Metadata Types
Metadata is one of the cornerstones in Hop and can be defined as workflows, pipelines and any other type of metadata objects.
Hop Gui has a Metadata Perspective to manage all types of metadata: run configurations, database (relational and NoSQL) connections, logging, and pipeline probes just to name a few.
Metadata is typically stored as json files in a projects' metadata folder as a set of json files, in subfolders per metadata type. The only exception to the rule are workflows and pipelines, which are defined as XML (for now, because of historical reasons). Since workflows and pipelines are what Hop is all about, these are typically stored in your project folder, not in your project’s metadata folder.

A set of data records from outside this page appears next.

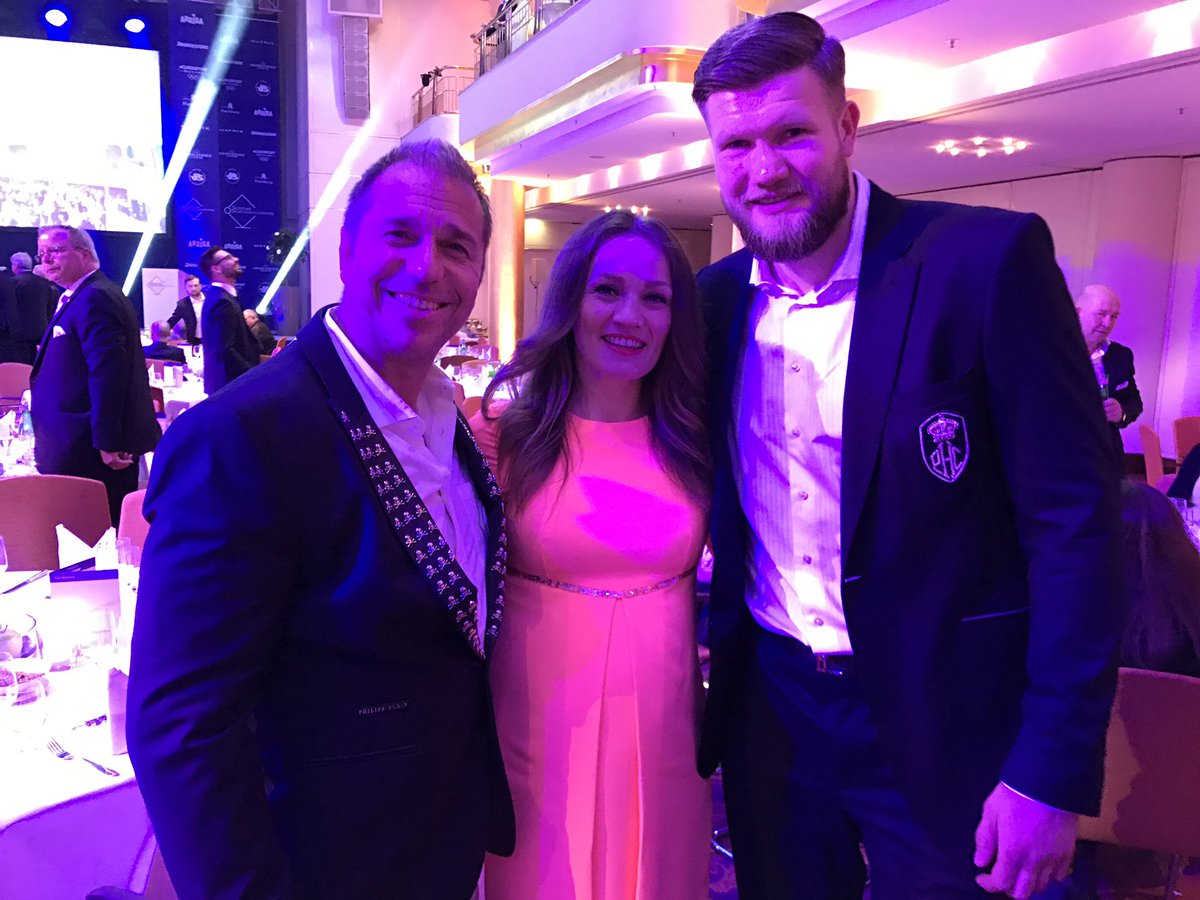 kaiebel's tweet photo. Boxmeeting : @InaMenzer und #alexanderdimitrenko #deutschersportjournalistenpreis #grandelyseehamburg #plein @philipp_plein @PhilippPlein78 https://t.co/bhDdxX3tKR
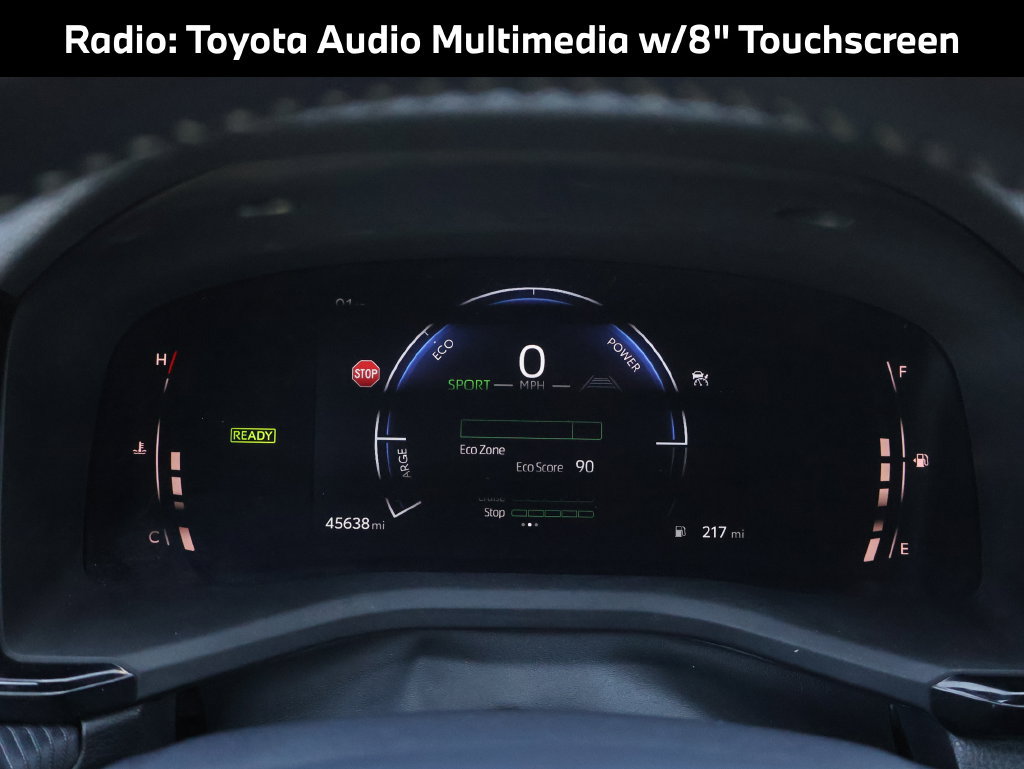 Used 2025 Toyota Camry SE FWD image 4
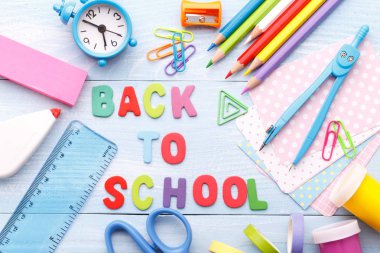 Mavi arka planda okul kırtasiye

We’ve made it as easy as possible to add or remove plugins in Hop. Since metadata types are plugin types too, the available metadata types in your Hop installation may not match this list entirely. |
By default, Hop contains the following metadata types:
-
Asynchronous Web Service: Execute and query a workflow asynchronously through a web service.
-
Beam File Definition: Describes a file layout in a Beam Pipeline
-
Cassandra Connection: Describes a connection to a Cassandra cluster
-
Data Set: This defines a data set, a static pre-defined collection of rows
-
Hop Server: Defines a Hop Server
-
MongoDB Connection: Describes a MongoDB connection
-
Neo4j Connection: A shared connection to a Neo4j server
-
Neo4j Graph Model: Description of the nodes, relationships, indexes, … of a Neo4j graph
-
Partition Schema: Describes a partition schema
-
Pipeline Log: Allows to log the activity of a pipeline with another pipeline
-
Pipeline Probe: Allows to stream output rows of a pipeline to another pipeline
-
Pipeline Run Configuration: Describes how and with which engine a pipeline is to be executed
-
Pipeline Unit Test: Describes a test for a pipeline with alternative data sets as input from a certain transform and testing output against golden data
-
Relational Database Connection: Describes all the metadata needed to connect to a relational database
-
Splunk Connection: Describes a Splunk connection
-
Web Service: Allows to run a pipeline to generate output for a servlet on Hop Server
-
Workflow Log: Allows to log the activity of a workflow with a pipeline
-
Workflow Run Configuration: Describes how to run a workflow